574 So.2d 1291 (1991)

James D. WITHERS, Plaintiff-Appellee,
v.
TIMBER PRODUCTS, INC., Defendant,
John Makar, Defendant-Appellant.

No. 89-840.

Court of Appeal of Louisiana, Third Circuit.

February 6, 1991.
Rehearing Denied March 8, 1991.

*1292 R. Stuart Wright, Natchitoches, for plaintiff/appellee.

John Makar, Natchitoches, for defendant/ appellant.

Before GUIDRY, STOKER and DOUCET, JJ.

GUIDRY, Judge.

Defendant, John Makar, suspensively appeals a judgment of the district court finding plaintiff, James D. Withers, totally and permanently disabled and casting him for *1293 $262.00 per week in worker's compensation benefits from May 21, 1986 plus penalties, attorney's fees and all related medical expenses. We amend and affirm as amended.

Plaintiff, James D. Withers, a truck driver, was injured May 21, 1986, as he attempted to dismount from a front end loader at the Timber Products, Inc. saw mill near Provencal, Louisiana. According to Withers, as he was dismounting from the front end loader, his pants leg snagged on a brake lever, causing him to fall, injuring his back. The accident allegedly took place at approximately 1:30 a.m. with no witnesses present. The record reflects that Withers finished his deliveries early that same morning, but has not worked since. Plaintiff testified that he notified Larry Davis, the mill superintendent, of his accident just before the mill opened on the morning of May 21, 1986. Davis, on the other hand, maintained that he learned of the alleged injury from plaintiff's brother when Withers was hospitalized.

Following Timber Products' rejection of a worker's compensation recommendation from the State Department of Labor, suit was timely filed against that corporation. By supplemental and amending petition, John Makar, appellant, was added as a defendant. In his supplemental and amending petition, plaintiff alleged that Timber Products was the alter ego of Makar and prayed for judgment against Makar. Makar filed an exception of prescription, which is reurged on appeal, based upon plaintiff's amending petition being filed more than one year after the date of plaintiff's accident. The trial court overruled Makar's exception of prescription and, as aforestated, rendered judgment in favor of plaintiff.

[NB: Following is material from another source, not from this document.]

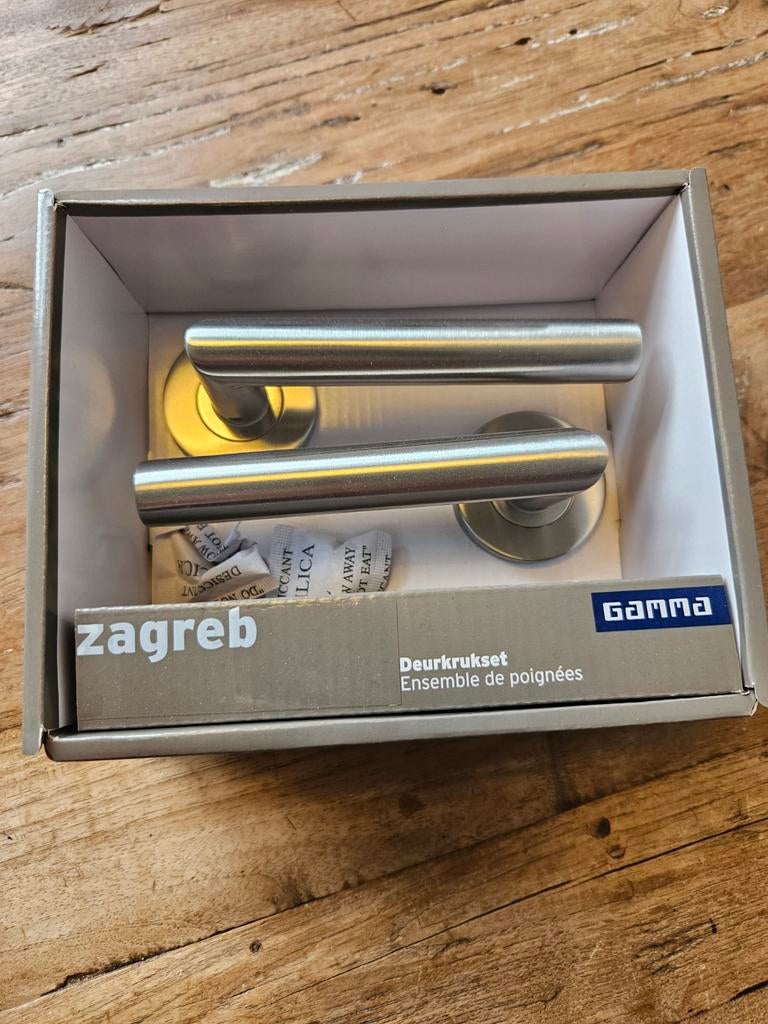 Gamma Deurkrukset Zagreb RVS - Nieuw in doos, Ophalen of Verzenden, Nieuw, Rvs, Klink of Kruk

On appeal, in addition to reurging his exception of prescription, Makar raises four other issues: (1) plaintiff was an independent contractor and thus is not entitled to worker's compensation benefits; (2) the trial court erred in finding plaintiff entitled to compensation without corroborating proof of plaintiff's injury and continued inability to work; (3) the trial court erred in finding appellant to be the alter ego of Timber Products and in piercing the corporate veil; and, (4) the award of penalties and attorney's fees was improper.

INDEPENDENT CONTRACTOR ISSUE

Appellant argues that plaintiff, a trucker engaged by Timber Products to haul chips, was an independent contractor and thus Timber Products and John Makar are not liable to him for the payment of worker's compensation benefits.

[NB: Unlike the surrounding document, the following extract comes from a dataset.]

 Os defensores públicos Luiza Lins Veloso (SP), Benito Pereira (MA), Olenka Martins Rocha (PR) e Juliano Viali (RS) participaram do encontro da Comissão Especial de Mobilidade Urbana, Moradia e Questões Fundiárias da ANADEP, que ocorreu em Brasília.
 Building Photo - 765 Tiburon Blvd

Withers hauled wood chips from the Timber Products mill to a purchaser designated by Timber Products. The record reflects that Timber Products had the right to control and supervise the hauling and exercised the right to direct when and to whom the wood chips were to be hauled. While plaintiff supplied and paid the expenses of the truck used, the price per ton paid to him took into account the mileage involved in making delivery. Plaintiff was required to load his own truck but always used a front end loader supplied by Timber Products.

We find the facts in this case strikingly similar to those in Middleton v. H.M. Stevens Lumber Co., 46 So.2d 508 (La.App. 1st Cir.1950):

"Plaintiff was engaged by Stevens Lumber Company to haul lumber from its mill for so much per thousand for a long haul, and a lesser amount per thousand for a short haul, and was also furnished labor at the lumber company's expense to assist in the loading of heavy lumber and the loading of lumber into railroad cars when it was to be shipped. The plaintiff was to furnish his truck, pay for his own gas, oil and other expenses incidental to the hauling. As the lumber company decided that the plaintiff's truck could not keep up with the hauling of the lumber, it engaged Reese & Lambert who received the same remuneration and hauled under the same terms as the plaintiff ...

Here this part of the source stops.